Ryszard Makowski (YouTube screenshot)
Ryszard Makowski (YouTube screenshot)

A Polish satirist, who in 2016 made anti-Semitic jokes on television and later accused Jews of fomenting hatred against themselves, was awarded his country’s highest distinction for artists.

Ryszard Makowski, 62, was awarded the Gloria Artis Medal for Merit to Culture on Thursday along with 20 others by Culture Minister Piotr Gliński in Warsaw, the wPolityce news website reported. Makowski won the bronze medal, the lowest of three categories in the distinction awarded annually to artists by the ministry.

“It is an expression of thanks by Poland for your creativity and for your commitment, for your talent — that is always augmented with work, perseverance, creative courage,” Gliński said in presenting the award.

In 2016, B’nai B’rith Poland protested Makowski’s performance on the public broadcaster TVP3 over a song with words saying that dishonest banking practices have been around for as long as “tsimmes and gescheft” — Yiddish words that mean a sweet carrot stew and business, respectively. The song also refers to the Jewish Rothschild family.

In March, Makowski wrote in wPolityce about the protest by Israel and Jewish organizations against a law that criminalized blaming the Polish nation for Nazi crimes. The law was amended last month.

“One may suspect that this ostentatious struggle of Jewish circles,” he wrote, “is aimed at sparking up anti-Semitic moods.”

The Polish association Never Again, which monitors hate crimes and speech in Poland, wrote in a statement that the honoring of Makowski is astounding, as he is a “well-known author of songs and articles which are strongly rooted in anti-Semitic stereotypes and prejudices.”

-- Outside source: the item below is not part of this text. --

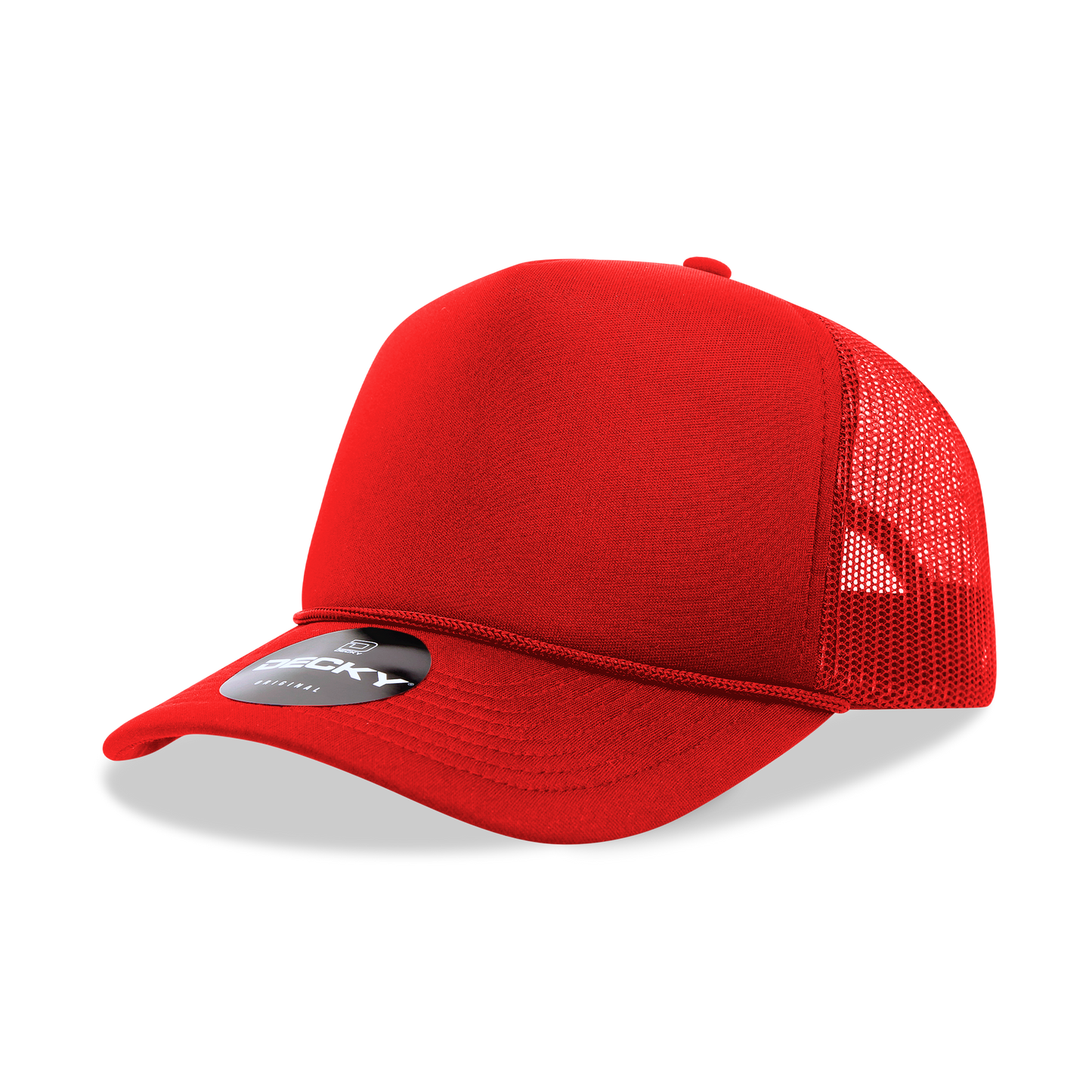 Decky 6025 - Mid Profile, 5 Panel Foam Trucker Hat - 6025: Orange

Rafal Pankowski, a co-founder of the association, added that “given the fragility of the Polish-Jewish relations especially this year,” following the diplomatic crisis caused by the law, “I am truly surprised by the minister’s decision. As a citizen of Poland, this medal is not awarded in my name!”

Anti-Semitism, Pankowski said, is something that his association refuses to see as “part of the Polish culture and heritage which deserves to be celebrated by the official representatives of the Polish state.”